Otomotiv yedek parça deposunda çalışan işçileriz. Pandemi sürecinde elleri rahatlayan diğer patronlar gibi çalıştığımız lojistik firmasının patronu da bu süreci fırsata çevirenlerden. Lojistik firmalarını duymuşsunuzdur, işçi sirkülasyonu çok olur. Maaşlar geç yatırılır, mesailer elden verilir, taşeron ve yevmiyeci işçi çalıştırılır, kıdem tazminatı hakkı doğmadan işçiler işten çıkarılır… Hak gaspları listesini daha da uzatabiliriz.
Haftanın yorgunluğu üzerimizde birikmiş, son saatlerimizin bitmesini beklerken müdür birlikte çalıştığımız bir arkadaşımızı odasına çağırdı. Tüm çalışanlar olarak arkadaşımızın dönmesini merak içinde bekledik. Arkadaşımız yanımıza geldiğinde ücretsiz izne çıkarıldığını öğrendik. Müdür arkadaşımıza ücretsiz izin kâğıdını imzalattıktan sonra “kendine iş bul” demiş. İşçi çıkarmak yasak olduğu için bir ay sonra işten çıkarılacak. Arkadaşımız tazminat hakkını istediğindeyse müdür işi arsızlığa vurarak, “nasıl olsa bir açığını bulur tazminatsız çıkartırız” demiş. Ayrıca ücretsiz izni arkadaşımızın kendisi istiyor gibi bir belge düzenlenmiş. Bu arkadaşımız İngilizce işletme bölümünden dereceyle mezun olmuş, İş Hukuku dersi almış olmasına rağmen çaresizlik içinde müdürün oyununa gelmişti. Arkadaşımızın işsiz kalmasına ayrı, müdürün oyununa gelmesine ayrı üzüldük. Bu olayla birlikte bir kez daha UİD-DER’de haklarımızı ve boyun eğmemeyi öğrendiğimiz için kendimizi şanslı hissettik.

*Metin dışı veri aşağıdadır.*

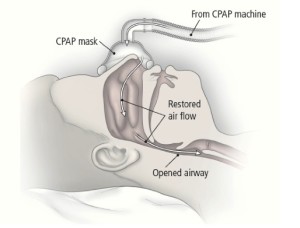 CPAP_machine_image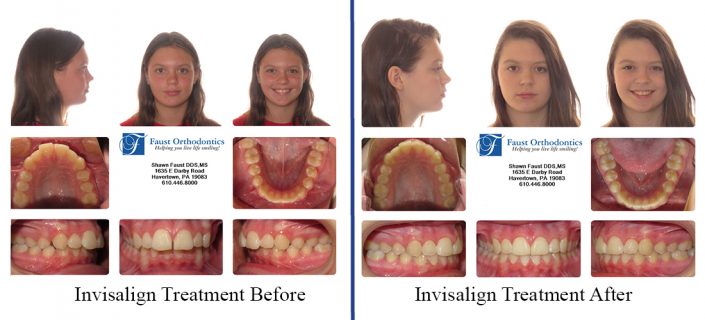 Invisalign for Teens | Faust Orthodontics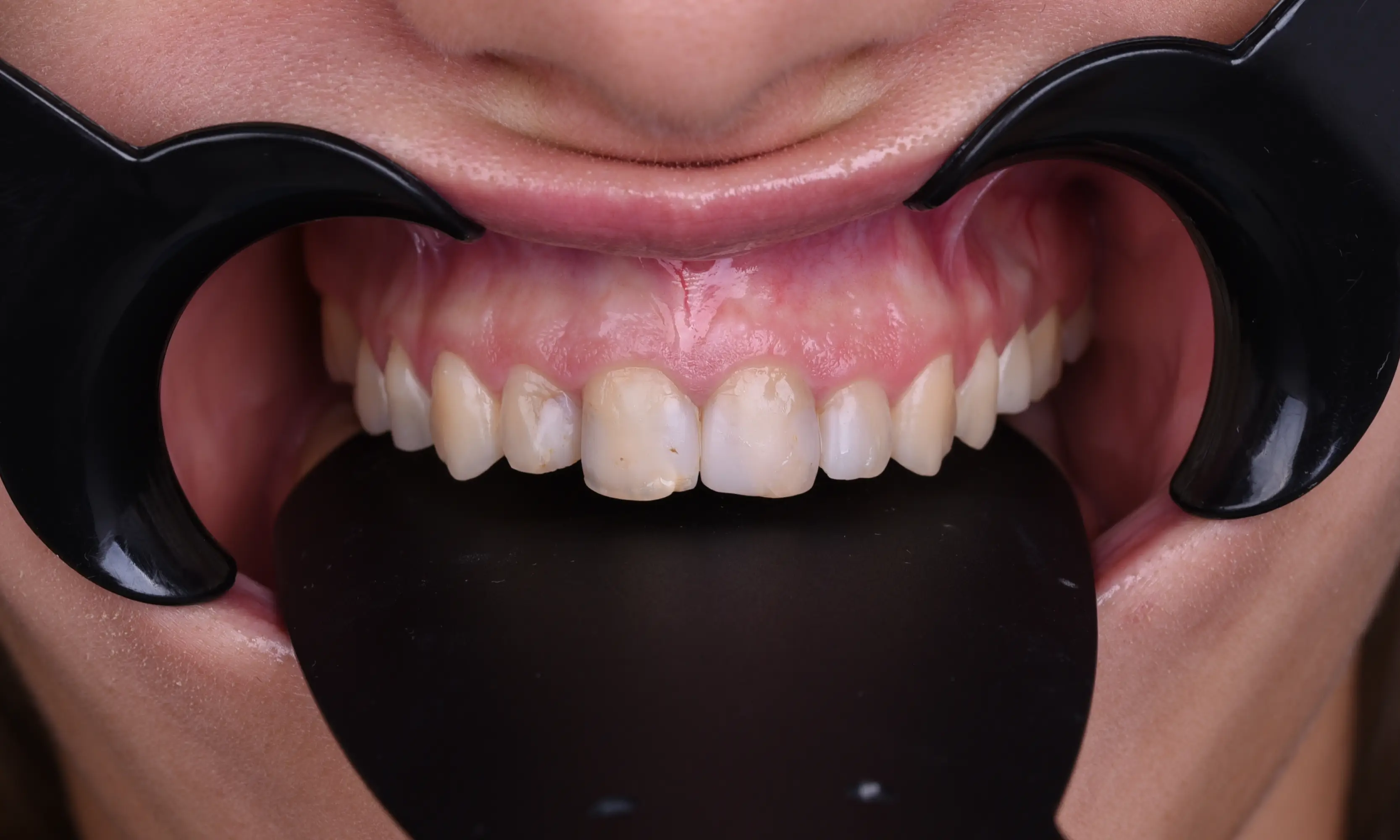 Full Veneers Öncesi - Vaka 18 - Milim Dental Hospital Bursa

Buna benzer pek çok örneğe şahit olmuşuzdur. Bugün fona devrederek kıdem tazminatımızı elimizden almak isteyen hükümet, işçileri kandırmak için bu tip örnekleri kullanıyor. “İki gün çalışan bile kıdem tazminatı alabilecek” diyor. Bizi işten tazminatsız atmak için açığımızı arayan patronlara her türlü teşvik ve desteği veren, işten atmaları gerçekten yasaklamak yerine 1-2 ay öteleyen, yasalara uymayan patronlara komik cezalar getiren hükümet mi gerçekten iki gün çalışana kıdem tazminatı verecek? Sermaye sınıfının temsilcileri “işçiler lehine yapıyoruz” laflarını dillerinden düşürmezler ama bizlerin yararına bir yasa çıkartırlar mı? Biz mücadeleyle kazanmadığımız sürece, hayır! Tazminatımıza göz diken, türlü dalavereler, oyunlar çeviren patronlara ve onların hükümetlerine güvenmiyoruz, inanmıyoruz. Biz UİD-DER’li işçiler olarak bu oyuna gelmeyeceğiz. Kıdem tazminatımız bizim iş güvencemizdir. Geçmiş işçi kuşaklarının yürüttüğü çetin mücadelenin mirası olan kıdem tazminatı hakkımızı patronlara kaptırmamak için mücadelemizi UİD-DER’le büyüteceğiz.